A home intruder situation is frightening and dangerous for a homeowner.

Early Friday morning, an Elk Grove resident found two suspects breaking into his house and vehicles. With his family- including a baby- in the home, he decided to take matters into his own hands. 

He grabbed a shotgun and let out a shot, sending the suspects sprinting away from the scene.

The homeowner didn't harm anyone with the shot, but if he did, would it be legally justified?

California doesn’t have a ‘Stand Your Ground’ law like Florida, which was widely discussed after the death of Trayvon Martin

But it does have a similar law called the Castle Doctrine (CA Penal Code Section 198.5) which allows the use of deadly force by a homeowner if someone forces or breaks their way into their house unlawfully. The homeowner must fear imminent death or great bodily injury towards themselves or their family in order to justify deadly force.
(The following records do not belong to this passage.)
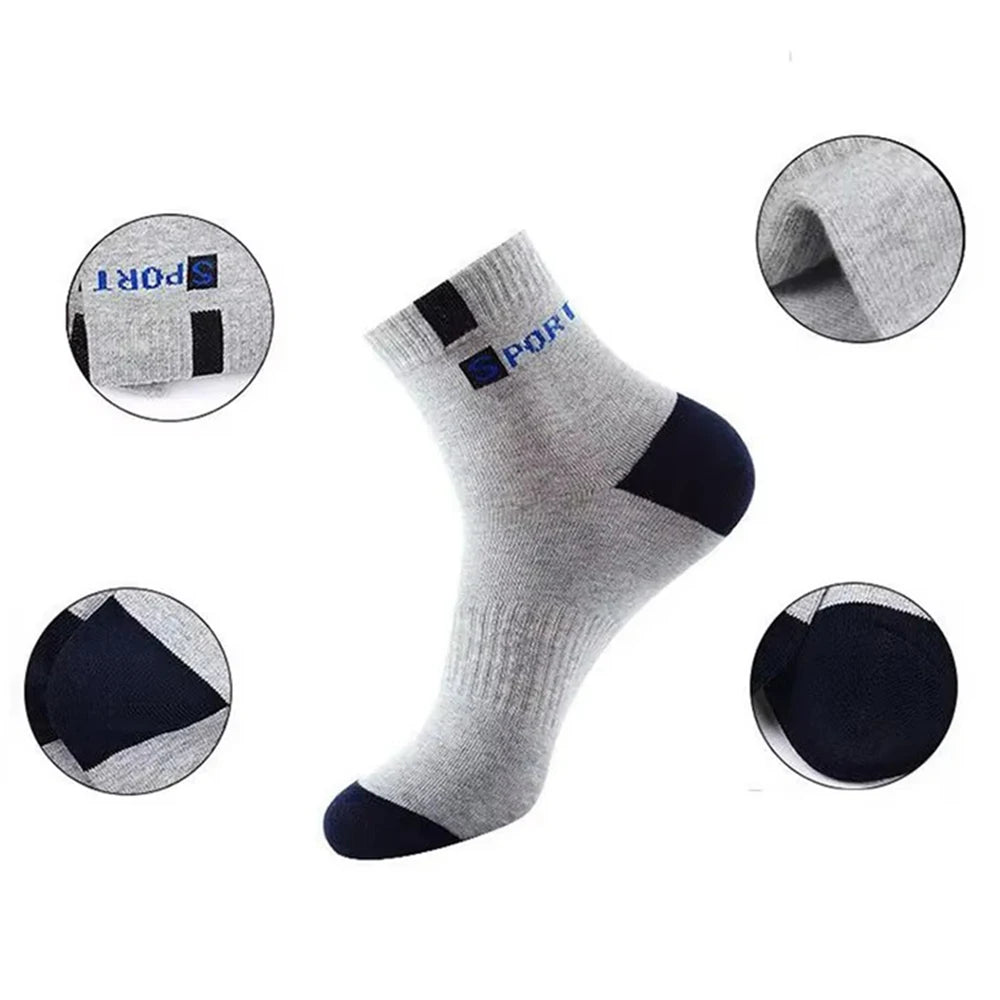 2/5/10 Pairs Men Knitted Anti Odor Round Neck Socks Sports Sweat Absorbing Breathable Soft Comfortable Business Casual Socks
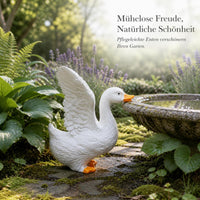 Outdoor Garden Pond Decor Drinking Duck Goose Figurines Patio Balcony Ornament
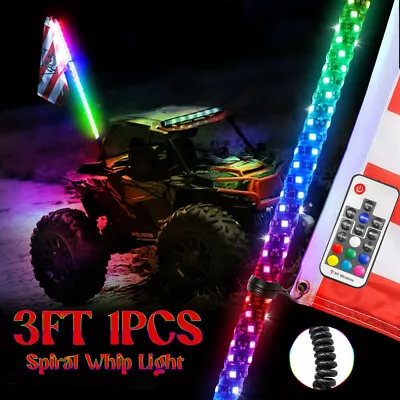3ft Spiral LED RGB Whip Light For UTV ATV Accessories RZR Can-Am Polaris Antenna • $48.99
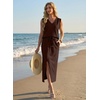 image:imageGRECERELLE 2026 Casual 2 Piece Sets For Women Summer V Neck WrinkleFree Sleeveless Top Side Slit Maxi Skirt With PocketsDark Coffee
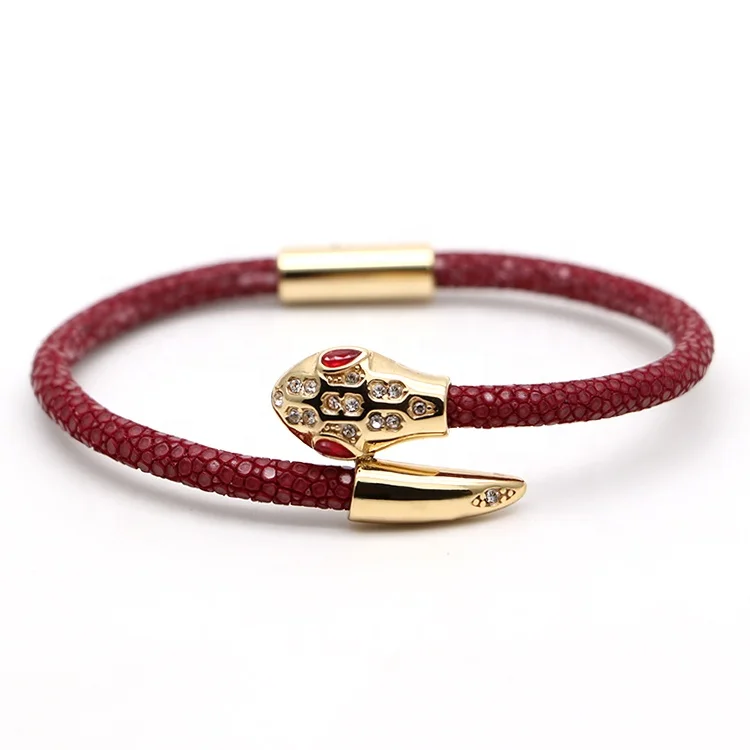 Wholesale Women Mens Jewelry Green Genuine Stingray Python Leather stainless steel snake head Bracelet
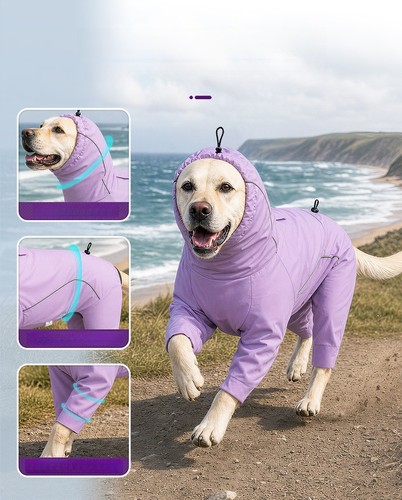 Hooded coat pets large dog - hooded,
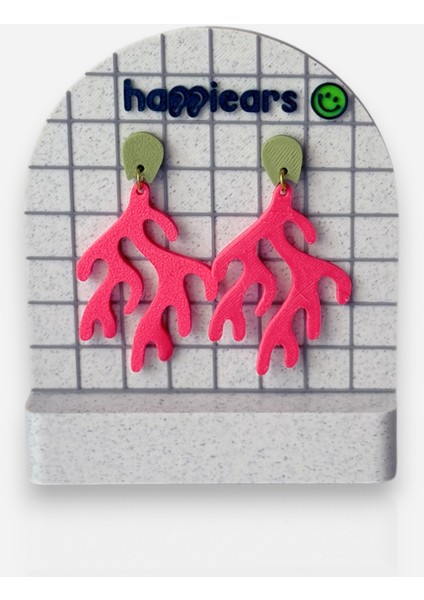 Pembe Mercan Formlu Yeşil Detaylı Özel Tasarım Küpe modelleri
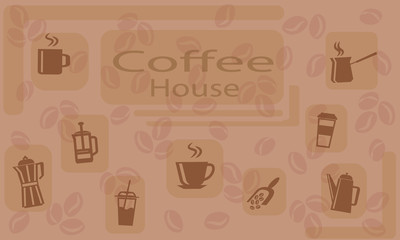 Coffee house design poster, coffee cups and pots, vector background.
In addition, the California Criminal Jury Instructions (CALCRIM) allows a jury to acquit someone of homicide based on the Castle Doctrine under CALCRIM #505 & #506.

Both laws define justifiable homicide, but #505 refers to self-defense using deadly force outside the home, while #506 refers to use of deadly force in the case of an unlawful home entry.

In both cases, CALCRIM states a defendant doesn't have to retreat from an assailant and can even chase them down until the danger has passed.

But defining a justifiable situation may get sticky.

CALCRIM clearly states a person must prove that they or their family were in immediate danger of death or great harm, not potential or future harm. A defendant must prove they felt a home intruder had the intent to harm in order to not get charged with manslaughter or homicide.

Under confusing or unexpected circumstances, a situation may be difficult to read.

CALCRIM, also states a defendant would need to react in a way a 'reasonable' person would under the circumstances with the belief of immediate danger. A person doesn't necessarily have to be right about their belief, they just have to prove to a jury their belief was genuine.